本研究では、悲しみ表情と恐怖表情が他者に伝える「援助が必要である」という社会的シグナルについて、悲しみ表情を見たときにはこのシグナルが自動的に知覚される一方で、恐怖表情ではそういった事象が生じないことを、順応という手法を用いて示しました。

<詳細>
私たちの知覚は、先行して提示された顔刺激を見るだけで、後続の顔刺激の知覚が鈍くなることが知られており、この現象は「順応」と呼ばれています。顔が持つ様々な情報(表情や人物情報など)が順応による影響を受けることは多くの研究で示されており、先行刺激と後続刺激の関係性を操作することで、各情報の処理が独立している(順応の影響を受けない)か、そうでない(順応の影響を受ける)かが検討されてきました。しかし、表情と社会的シグナルの関係については検討が不十分でした。

本研究では、悲しみ表情と恐怖表情がいずれも「援助が必要である」と評価されることに着目しました。この2つの表情カテゴリの処理は独立している、すなわち一方の表情への順応が他方の表情の知覚に影響を与えないことが先行研究で示されています。実験では、悲しみ表情もしくは恐怖表情への順応の前と後に、それぞれの表情に対して「援助が必要であるか」(援助必要性)と「援助してあげたいと思うか」(援助動機)の評価を行いました。その結果、悲しみ表情を見た後だと、悲しみ表情に対してだけでなく恐怖表情についても、援助必要性が低く評価されました。この結果は、悲しみ表情を見るだけで表情カテゴリと援助必要性の処理が自動的に行われ、順応によってその後の処理が鈍くなったことを反映していると考えられます。一方で、恐怖表情を見た後では、恐怖表情に対する援助必要性のみが低く評価され、悲しみ表情には影響がありませんでした。この結果は、恐怖表情の知覚が順応によって鈍くなったことによると考えられます。また、援助動機の評価には影響が見られず、悲しみと恐怖表情に対するこれらの認識は、より複雑な意思決定過程を経ていることが示唆されました。

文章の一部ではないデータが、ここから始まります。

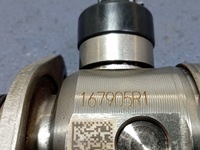 фото thumb №7, Honda hr-v ii 1.5 i-vtec насос упорскування 167905r1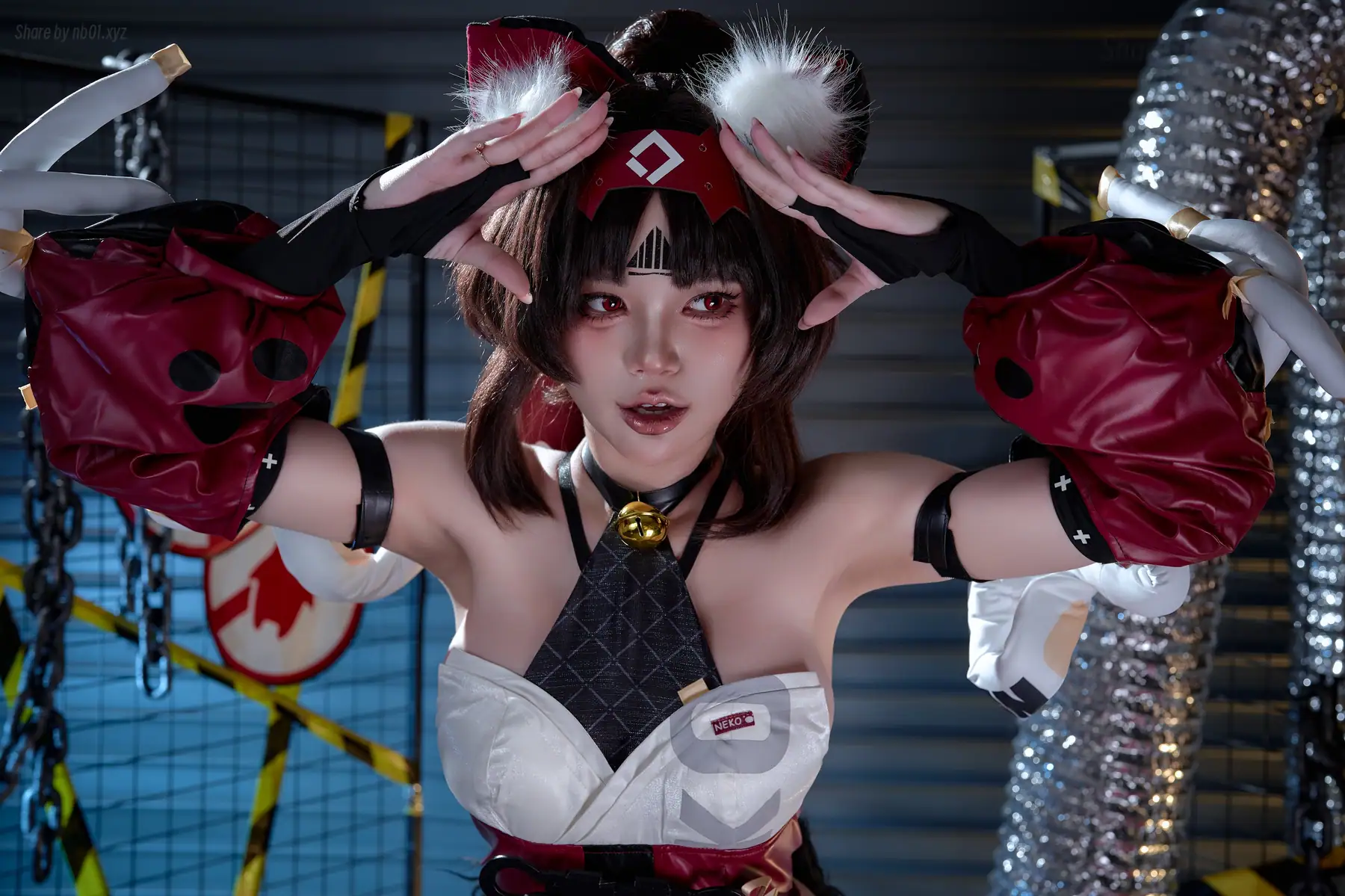 ZinieQ - Nekomata(ZZZ)(44P+14V_1.5G) ZinieQ - Nekomata(ZZZ)(44P+14V_1.5G)_nb01.xyz_0040 图片5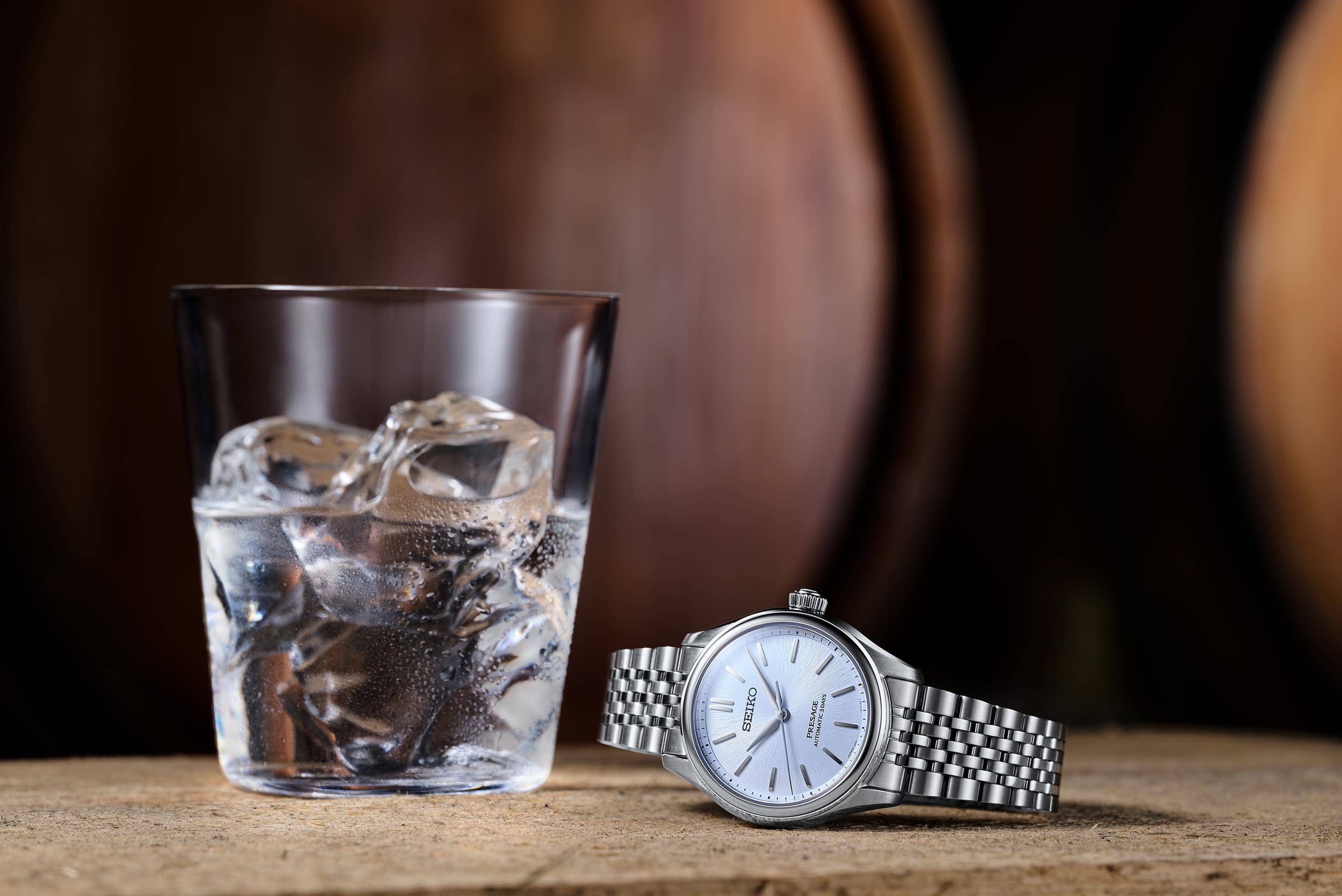 Photo of Brown Sugar Shochu & SPB521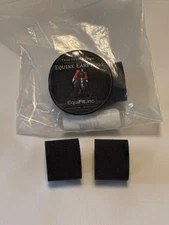 Equifit Silent Fit Ear Plugs
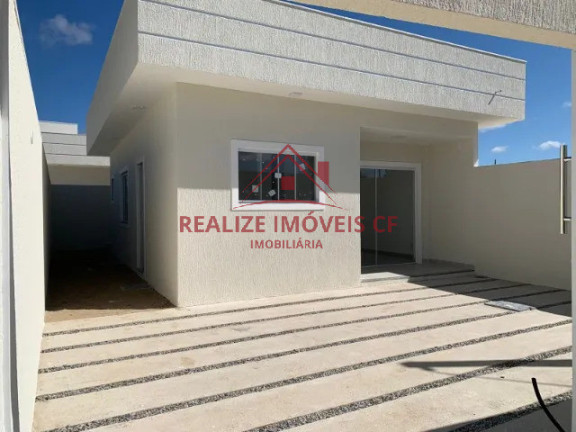 Casa com 2 Quartos à Venda,  em Guriri - Cabo Frio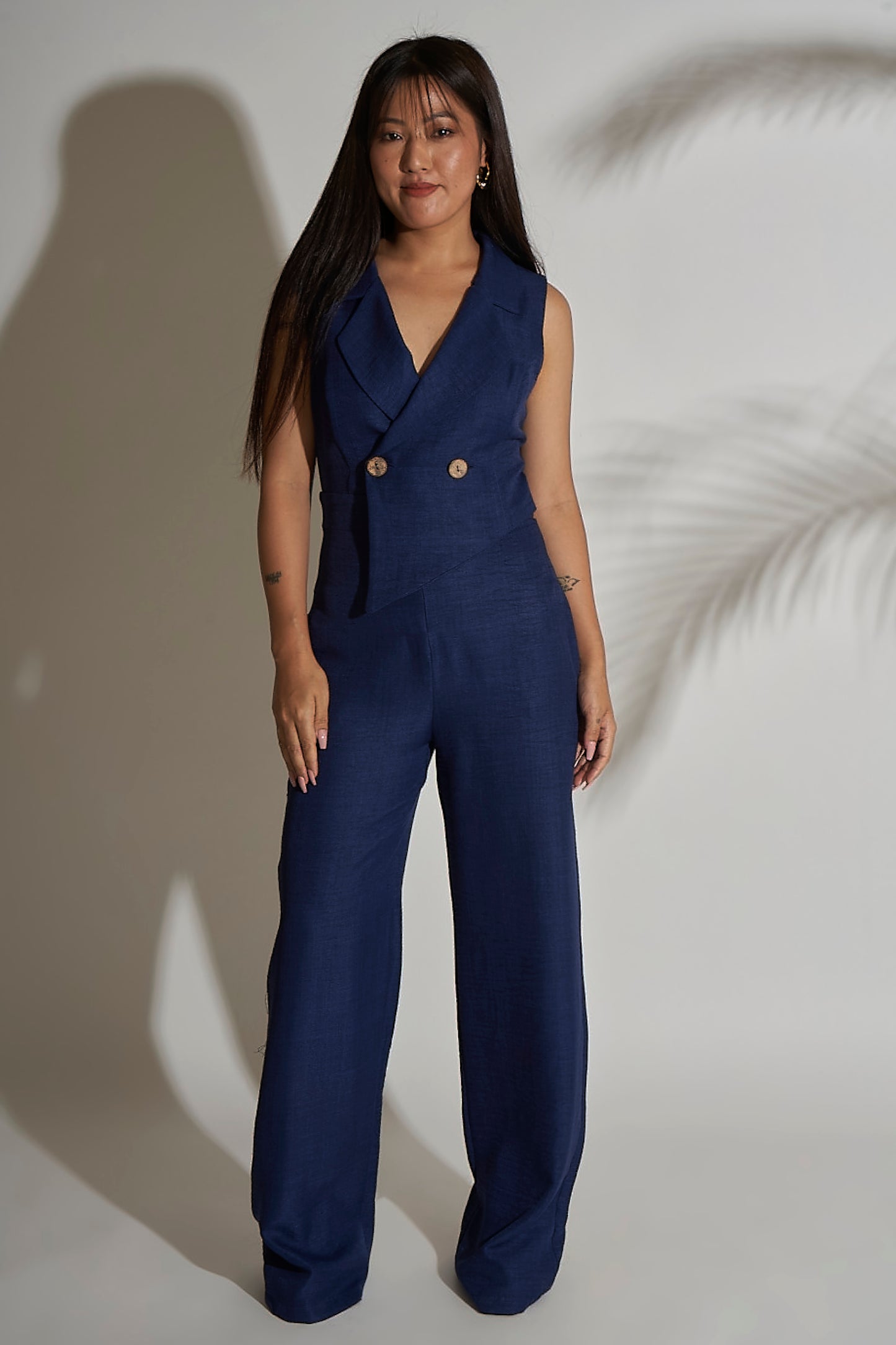 Formal Jumpsuit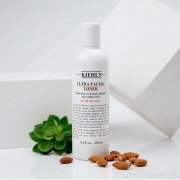 Plus会员： Kiehl‘s 科颜氏 高保湿精华爽肤水 250mlx2件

本研究は、社会的シグナルである「援助必要性」について順応が起こることを示しただけでなく、順応現象によって特定の表情カテゴリを見たときに自動的に知覚される社会的シグナルを検討できるという、順応研究の新たな有用性を示したものとなります。

本論文は以下のページよりどなたにもご覧いただけます(オープンアクセス)。
https://link.springer.com/article/10.1007/s00426-025-02094-4

論文情報
Minemoto, K., Ueda, Y., & Yoshikawa, S. (2025). Facial expression adaptation impairs perceived social signal across expressions. Psychological Research, 89(2):73. doi: 10.1007/s00426-025-02094-4.